74 sonrası Türkiye’nin barış görüşmeleri çerçevesinde kapattığımız bir bölge. Geldik, gezdik, gördük. Yaklaşık yarım asra denk gelen bir süredir biz barış arayışı içerisindeyiz. Bu muhteşem diye ifade ettiğim manzara hayalet şehre dönüşmüş durumda. Bir tarafta o günleri hayal ediyorsunuz, bir de yarım asır kapattığınızda şehrin ekonomik olarak nasıl bir hayalet şehre dönüştüğü, neredeyse farelerin yaşadığı bir şehre dönüştüğünü görüyorsunuz. Bu insanın içini sızlatıyor.
Aslında iki toplum da, Rumlar da Kıbrıs Türkü dahil herkesin kaybettiği bir ortamdayız. Bugün niye buradayız biz? Bu kayıp bitsin artık. Tekrardan buranın bir cazibe merkezi, zevkle gülerek oluşabileceği harika bir ortam oluşsun. Tarihi bir gündeyiz, tarihi bir toplantı.
Niye yasak bölge ilan ettik? İnsanların kafasında şöyle bir algı oluşabiliyor. Sanki burası KKTC toprağı değil de başka bir BM veya başka bir kuruluş gibi onların gözetiminde olan bizim de “bir çözüm bulalım” diye bir algıya gidiyor. Halbuki buranın tarihine kısaca bakacak olursak Kıbrıs olayı; Kıbrıs dediğimiz şeyin kendisi aslında Kıbrıs’ta yaşanan Türk toplumuna zulmedilmesiyle başlayan bir süreç.

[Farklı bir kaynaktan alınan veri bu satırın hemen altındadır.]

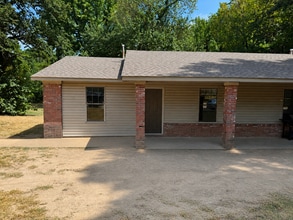Building Photo - 352 N Allis St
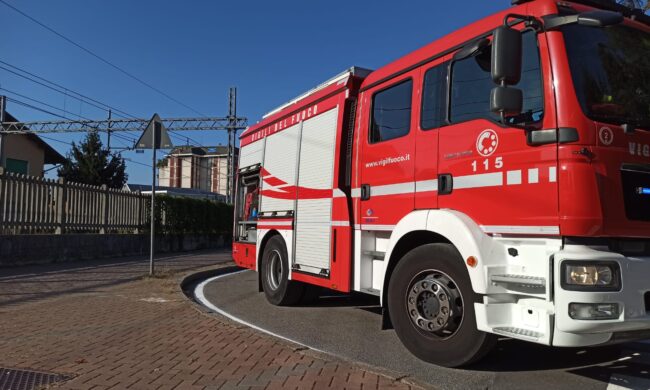 Fiamme Lungo La Linea Ferroviaria Arrivano I Vigili Del Fuoco Prima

Rahmetli Rauf Denktaş’ın Fazıl Küçük’ün çok yoğun emekleri var. Sonrasında yine görüşmeler, 68-72 görüşmelerine bakıyoruz. Ama hiçbir şekilde çözüm bulunamıyor. Her görüşme bir sonraki adıma götürüyor. Buradaki Kıbrıs Türk’ünün ekonomik hayatını, kültür hayatını yok eder boyutuna geliyor. Dayanılmaz noktaya geldiğinde de biz 74’de müdahale etmek zorunda kalıyoruz. Peki kaldık da ne oldu? Aslında Barış Harekatı dememizin nedeni bu, Türk toplumu gittiği yere barışı götürür. Bugün de aynı. Her iki toplumun zarar gördüğü noktada 74’den sonraya bakın iki tarafta da tek bir kan döküldüğünü göremezsiniz.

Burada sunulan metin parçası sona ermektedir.